◆ Exercise:
Would you please repeat, word for word, only the lines from the one holding "4/83 HENRY STREET, St Albans VIC 3021" through the one holding "9 Hemlock Drive Topsham ME 04086" in the material below, without the pictures?

*** Input for this task ***

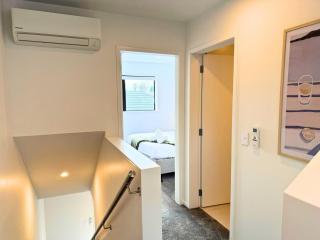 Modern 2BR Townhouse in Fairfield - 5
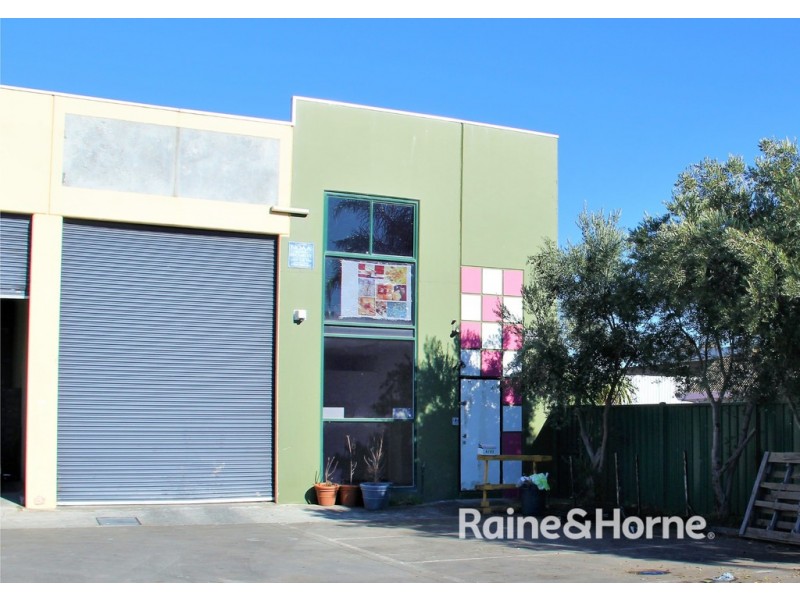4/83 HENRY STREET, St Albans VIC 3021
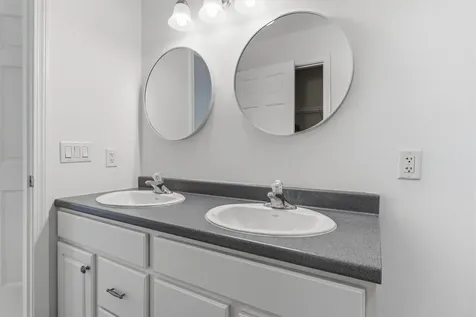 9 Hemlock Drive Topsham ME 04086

*** End of Input for this task ***
*** Input for this task ***

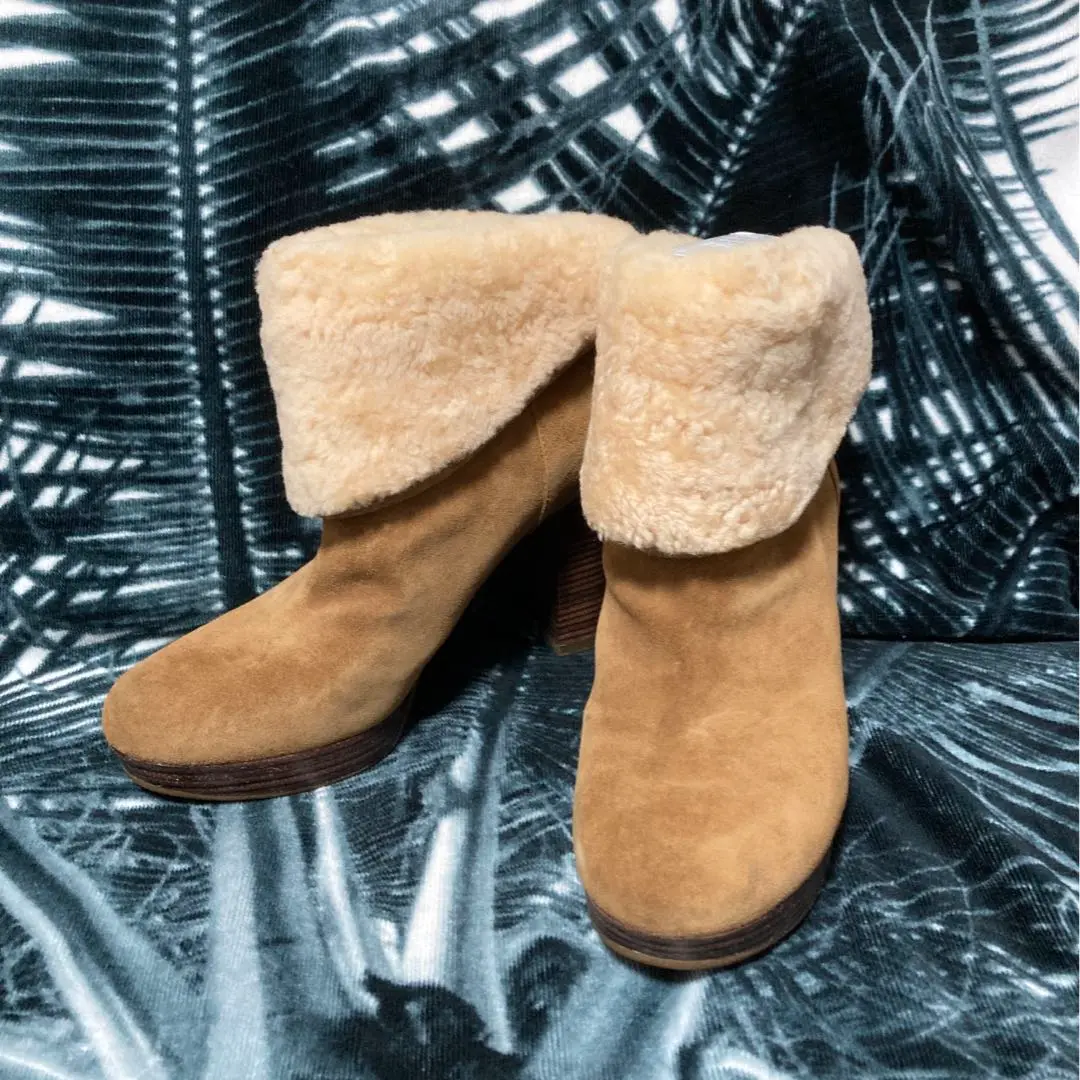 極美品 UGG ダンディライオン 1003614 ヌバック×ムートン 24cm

*** End of Input for this task ***
*** Input for this task ***

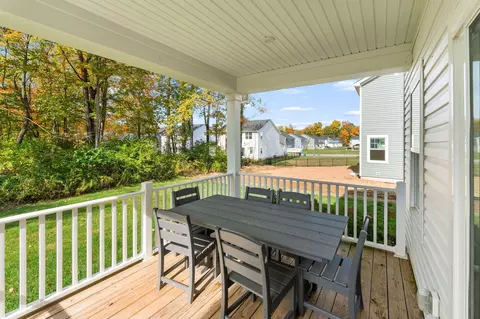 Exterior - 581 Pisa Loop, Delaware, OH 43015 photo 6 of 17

*** End of Input for this task ***

◆ Answer to the exercise:
4/83 HENRY STREET, St Albans VIC 3021
 9 Hemlock Drive Topsham ME 04086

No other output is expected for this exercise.